Title: Chronic obstructive pulmonary disease is associated with altered neuropsychological performance in young adults.
Authors: De Carolis A, Giubilei F, Caselli G, Casolla B, Cavallari M, Vanacore N, Leonori R, Scrocchia I, Fersini A, Quercia A, Orzi F.
Source:
Dement Geriatr Cogn Dis Extra. 2011 Jan;1(1):402-8. Epub 2011 Nov 16.

Summary: In this case-control, cross-sectional study, De Carolis et al. sought to test the hypothesis that hypoxia facilitates cognitive decline. The COPD patients had a slightly, but significantly worse performance than controls in a number of neuropsychological tests. The findings are consistent with the working hypothesis that chronic hypoxia facilitates cognitive decline.

Co-Morbidities

Title: The association of low bone mineral density with systemic inflammation in clinically stable COPD.
Authors: Liang B, Feng Y.
Source:
Endocrine. 2011 Dec 24. [Epub ahead of print].

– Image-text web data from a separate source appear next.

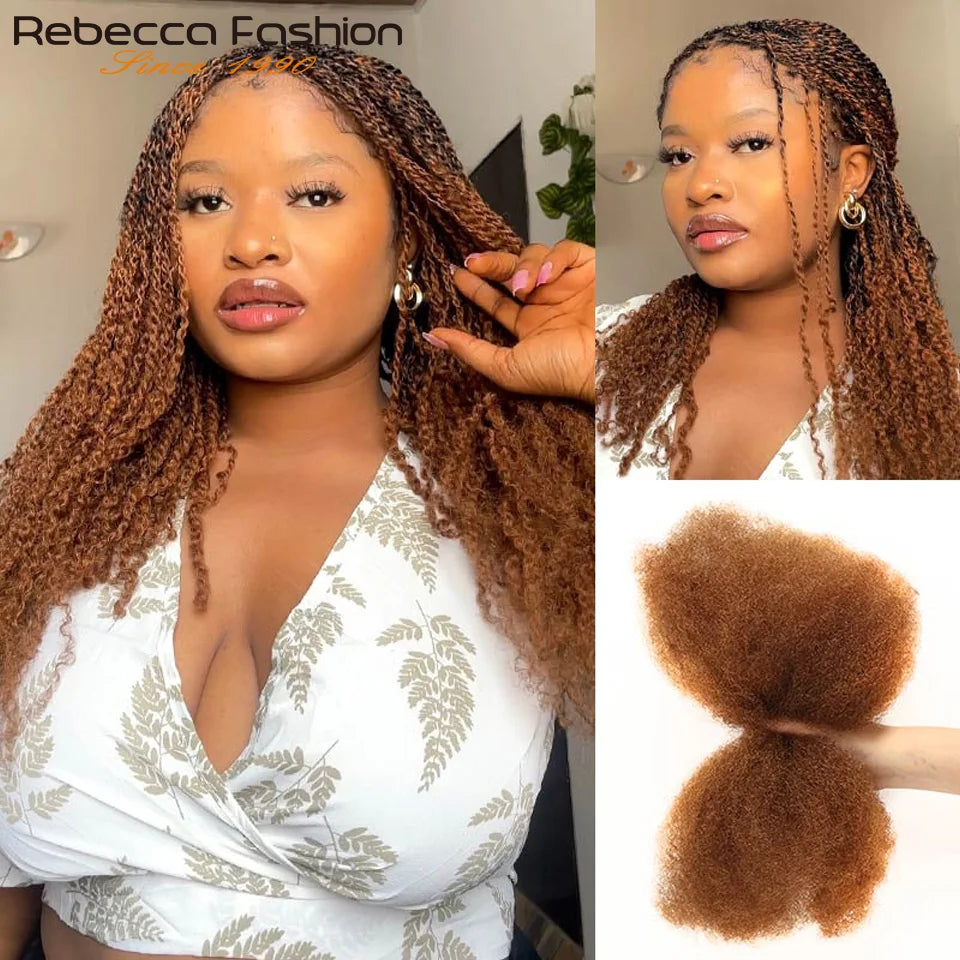 Afro Kinky Bulk Human Hair Extensions QVR US Local Shipping Natural Black/Brown Lightweight For Braiding Styling Everyday Wear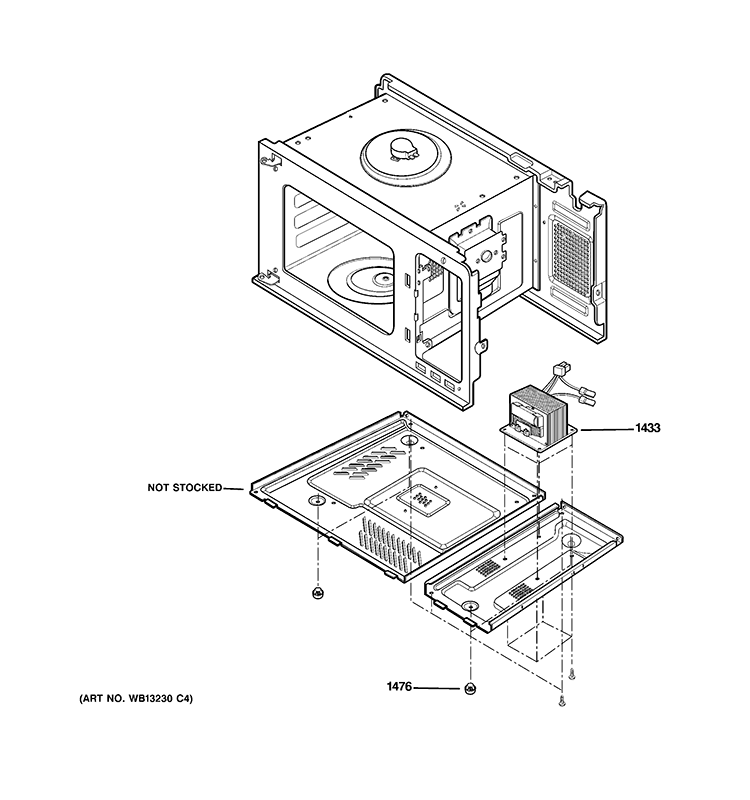 INTERIOR PARTS 2 Diagram and Parts List for JES735BJ01  General Electric Microwave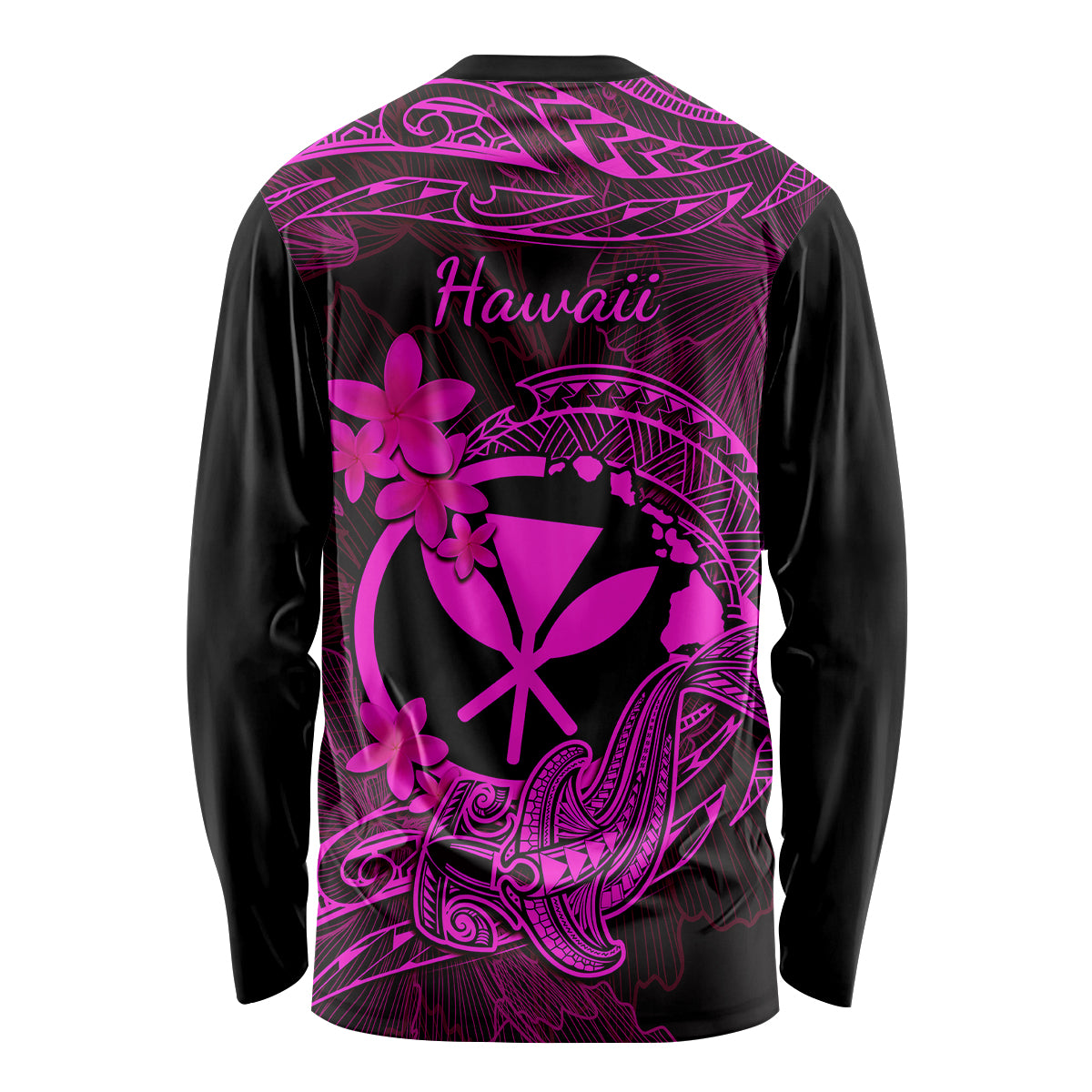 Hawaii Long Sleeve Shirt Hammerhead Shark Tattoo Mix Polynesian Plumeria Pink Version LT14 - Polynesian Pride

Summary: The aim of the present study was to explore the association of bone mineral density with systemic inflammation in patients with clinically stable COPD. It can be concluded that systemic inflammation is a significantly independent predictor of low bone mineral density in patients with clinically stable COPD.

Title: Is chronic obstructive pulmonary disease associated with increased arterial stiffness?
Authors:
Janner JH, McAllister DA, Godtfredsen NS, Prescott E, Vestbo J.
Source:
Respir Med. 2011 Dec 1. [Epub ahead of print].

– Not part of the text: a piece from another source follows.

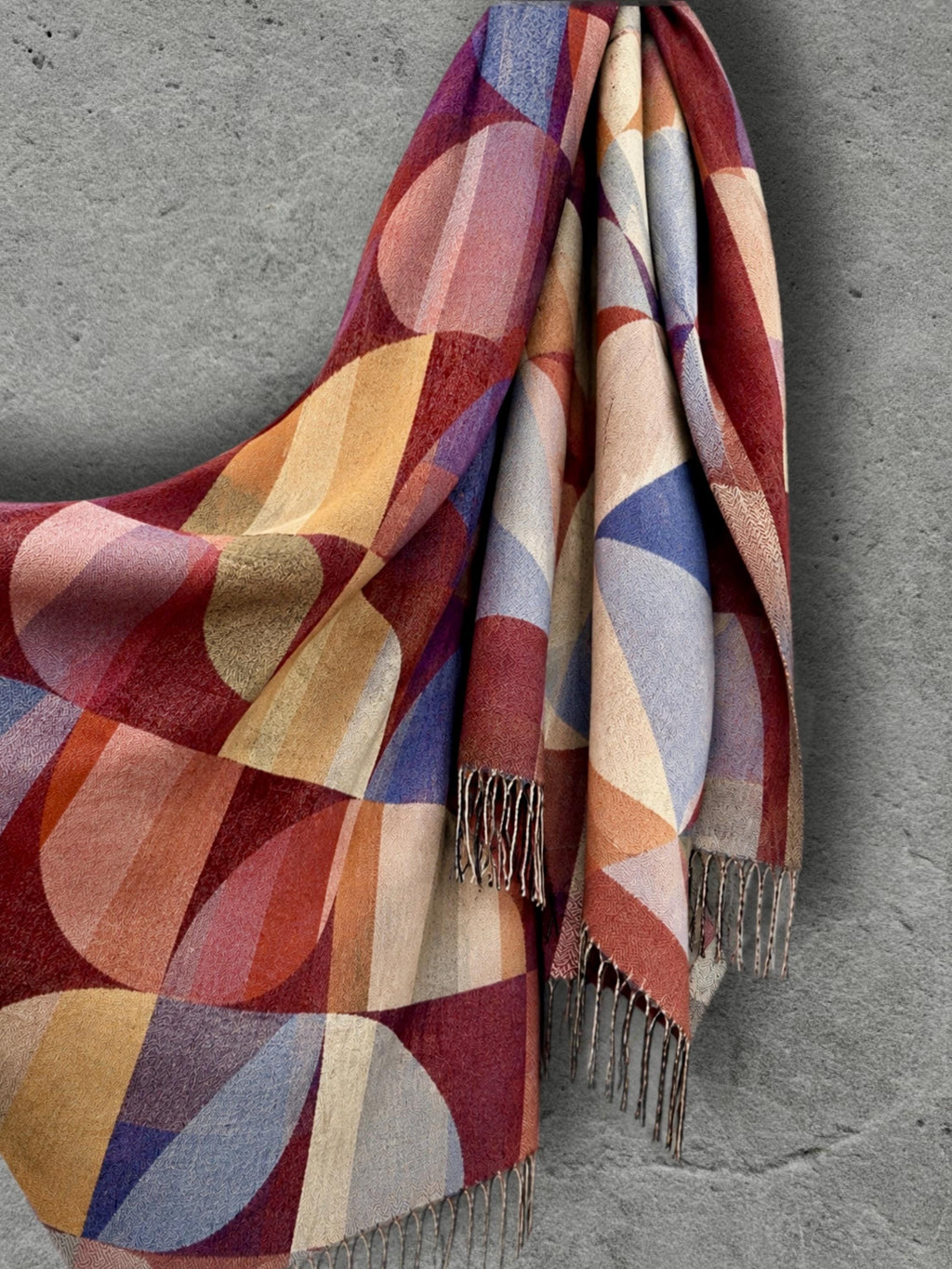 Burgundy Crimson Circular Pattern Winter Scarf, Artistic Winter Wrap, Ultra Soft Women Wrap, Cozy Gifts for Her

Summary: Janner et al. hypothesized that airflow limitation is associated with increasing arterial stiffness and that having COPD increases a non-invasive measure of arterial stiffness - the aortic augmentation index (AIx) - independently of other CVD risk factors. AIx and COPD are only weakly associated. In the general population, this finding argues against increased arterial stiffness, as measured by AIx, being a complication of COPD.

Exercise Training and Pulmonary Rehabilitation

Title: Have we underestimated the efficacy of pulmonary rehabilitation in improving mood?
Authors: Harrison SL, Greening NJ, Williams JE, Morgan MD, Steiner MC, Singh SJ.
Source: Respir Med. 2011 Dec 22. [Epub ahead of print].

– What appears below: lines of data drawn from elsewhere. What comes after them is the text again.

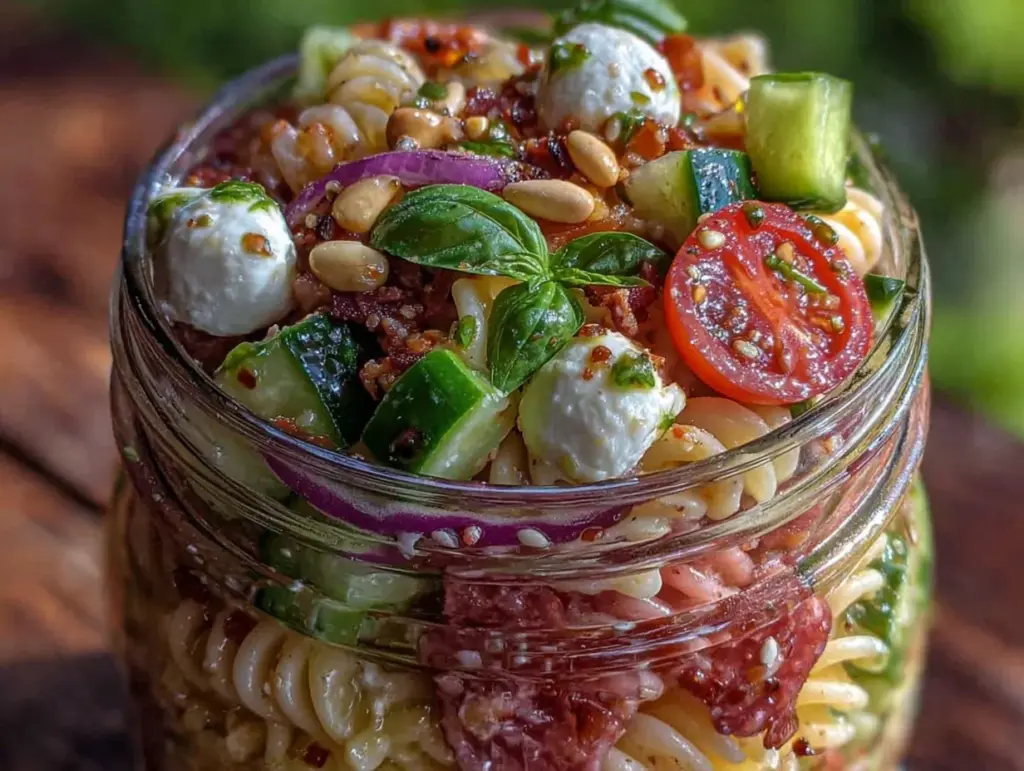 easy mason jar pasta salad - featured image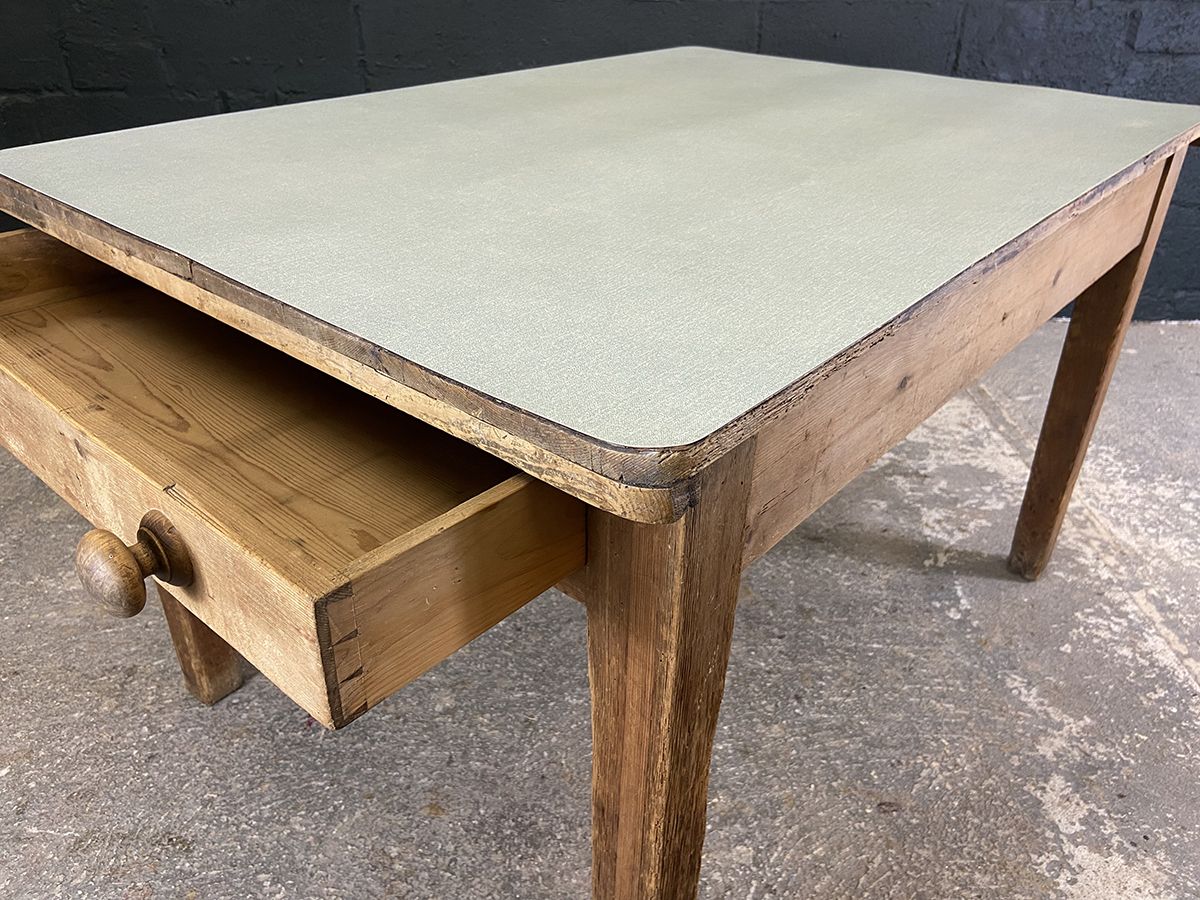 Antique Pine Farmhouse Table With Formica Top photo buy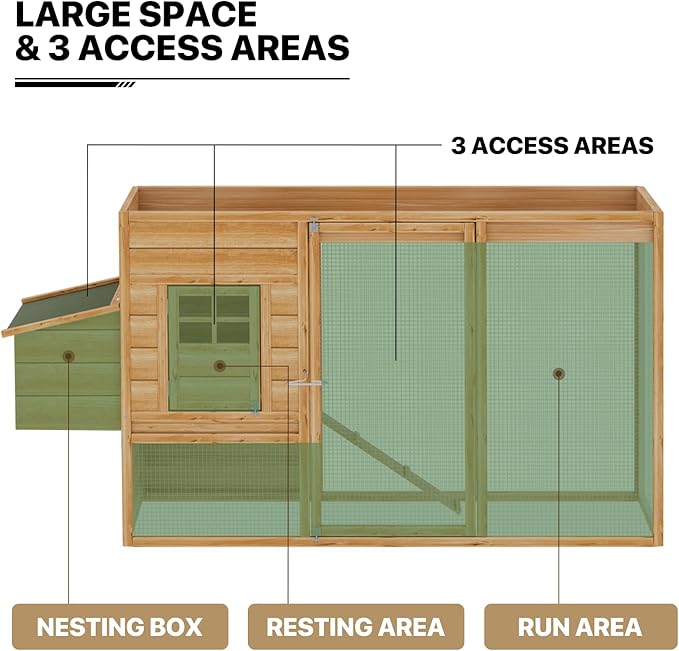 MoNiBloom 2-Layer Chicken Coop with Run and Nesting Box, Ventilation Wire Fence Wood Chicken House Duck Hutch Bunny Cage with Removable Tray Ramp and Waterproof Asphalt Roof 64 x 25.5 x 40 inch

Summary: The study aimed to explore the effectiveness of PR in reducing symptoms of anxiety and depression across a spectrum of severities. Pulmonary rehabilitation is effective in reducing symptoms of anxiety and depression.

Title: Does exercise training change physical activity in people with COPD? A systematic review and meta-analysis.
Authors:
Ng LW, Mackney J, Jenkins S, Hill K.
Source:
Chron Respir Dis. 2011 Dec 22. [Epub ahead of print].

Summary: A systematic review and meta-analysis was conducted to examine the effect of exercise training on daily physical activity in people with COPD. Taken together, the randomized trials and single-group studies demonstrate that exercise training may confer a significant but small increase in physical activity.

Title: A Simple Method for Home Exercise Training in Patients With Chronic Obstructive Pulmonary Disease: ONE-YEAR STUDY.
Authors:
Pomidori L, Contoli M, Mandolesi G, Cogo A.
Source:
J Cardiopulm Rehabil Prev. 2012 Jan;32(1):53-7.

Summary: Pomidori et al. compared 2 methods of home long-term exercise training, based on walking in 47 patients with COPD. The use of a metronome to maintain the rate of walking during home ExT seems to be beneficial, allowing patients to achieve and sustain the optimal exercise intensity, and resulting in greater improvement compared to simply using a fixed time interval exercise.

Skeletal Muscle Function

Title: The effect of higher ATP cost of contraction on the metabolic response to graded exercise in patients with chronic obstructive pulmonary disease.
Authors:
Layec G, Haseler LJ, Richardson RS.
Source:
2011 Dec 15. [Epub ahead of print].

Summary: (31)P-magnetic resonance spectroscopy ((31)P-MRS) was used to examine muscle energetic and pH in response to graded exercise. These results reveal that when energy demand is normalized to WRmax, as a consequence of higher ATP cost of contraction, patients with COPD display the same metabolic pattern as healthy subjects, suggesting that skeletal muscle energy production is well preserved in these patients.